- **WHAT TO DO**:
Copy out exactly the lines below that run from the one holding "A bunk bed room" to the one holding "a bedroom with a bed and window", keeping both of those lines and no others.

[DATASET EXTRACT Boundary: Start]

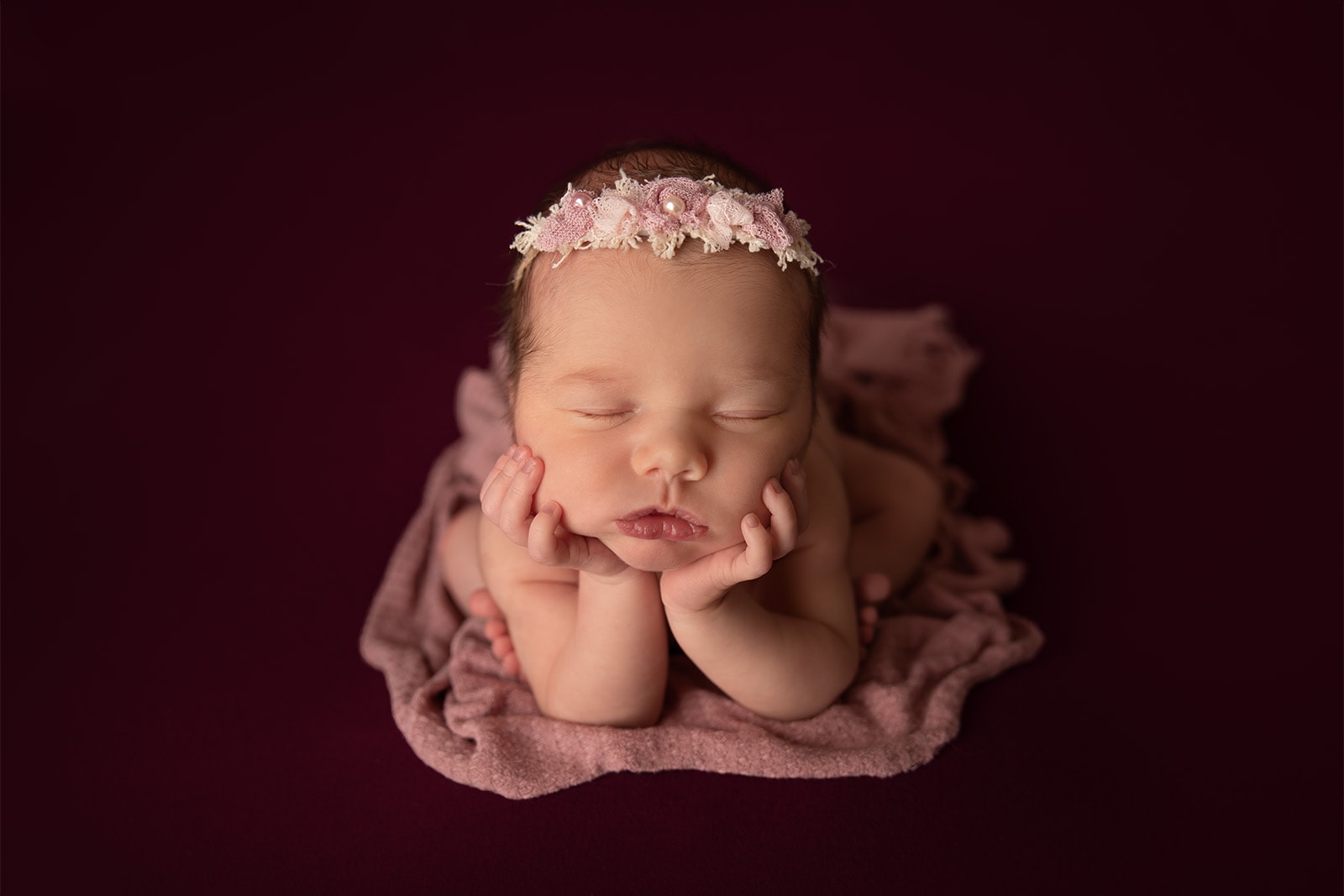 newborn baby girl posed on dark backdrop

[DATASET EXTRACT Boundary: End]
[DATASET EXTRACT Boundary: Start]

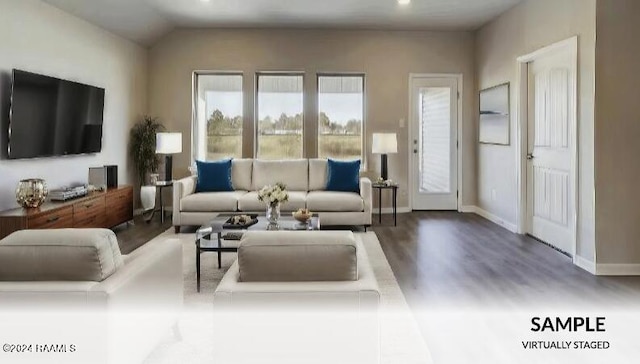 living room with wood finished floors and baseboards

[DATASET EXTRACT Boundary: End]
[DATASET EXTRACT Boundary: Start]

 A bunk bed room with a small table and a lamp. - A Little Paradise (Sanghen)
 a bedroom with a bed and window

[DATASET EXTRACT Boundary: End]

- **ANSWER SECTION**:
 A bunk bed room with a small table and a lamp. - A Little Paradise (Sanghen)
 a bedroom with a bed and window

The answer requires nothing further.